Ariel Sharon planned more withdrawals, former PM Olmert says

Ehud Olmert confirms that Ariel Sharon died before a planned major disengagement in Judea and Samaria.

By Paul Shindman, World Israel News

Former Prime Minister Ehud Olmert confirmed that the 2005 Israeli decision to remove all 21 settlements from the Gaza Strip along with several more in Judea and Samaria was the first part of a broader disengagement plan planned by then-Prime Minister Ariel Sharon, Israel Hayom reported Thursday.

In a preview of an extensive interview with Olmert to be published Friday in Israel Hayom‘s weekend edition, the man who succeeded Sharon said that two weeks after the implementation of the destruction of the settlements in Gush Katif in 2005, Olmert told Sharon he would present another disengagement plan to U.S. Secretary of State Condoleezza Rice. The plan would show that the Gaza disengagement was only a prelude to a similar large removal of Jewish settlements in Judea and Samaria.

Olmert, who was Sharon’s deputy at the time, said that the prime minister did not like the idea but did not prevent him from presenting it to Rice and then reporting on it upon returning from the United States.

Sharon fell into a coma at the end of 2005 and never recovered. Before being hospitalized, he set up a committee with then-Justice Minister Tzipi Livni to determine the security, economic, legal and political framework of a further withdrawal in Judea and Samaria using the lessons learned from the Gaza disengagement.

Olmert took over as prime minister when Sharon became incapacitated and produced the “realignment plan” for a unilateral Israeli withdrawal from large areas of Judea and Samaria.

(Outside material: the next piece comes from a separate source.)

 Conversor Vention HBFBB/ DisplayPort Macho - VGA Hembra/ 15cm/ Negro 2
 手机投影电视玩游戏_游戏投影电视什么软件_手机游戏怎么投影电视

“While the disengagement from Gaza was an independent move, it was meant to eventually fit in with another move, based on the road map, in an effort to avoid a deadlock [in the negotiations],” said Sharon’s bureau chief, Attorney Dov Weisglass. “The idea was to pursue a similar move in the West Bank.”

However, Sharon’s stroke hit the plan like a power blackout, Weisglass said.

The U.S. chief peace negotiator, Dennis Ross, said Sharon “clearly planned an additional withdrawal in the West Bank.”

Ross told Israel Hayom that Sharon “was convinced that the only way to preserve what Israel needed long-term in the West Bank and ensure Israel would not become a bi-national state was to carry out a limited further withdrawal.”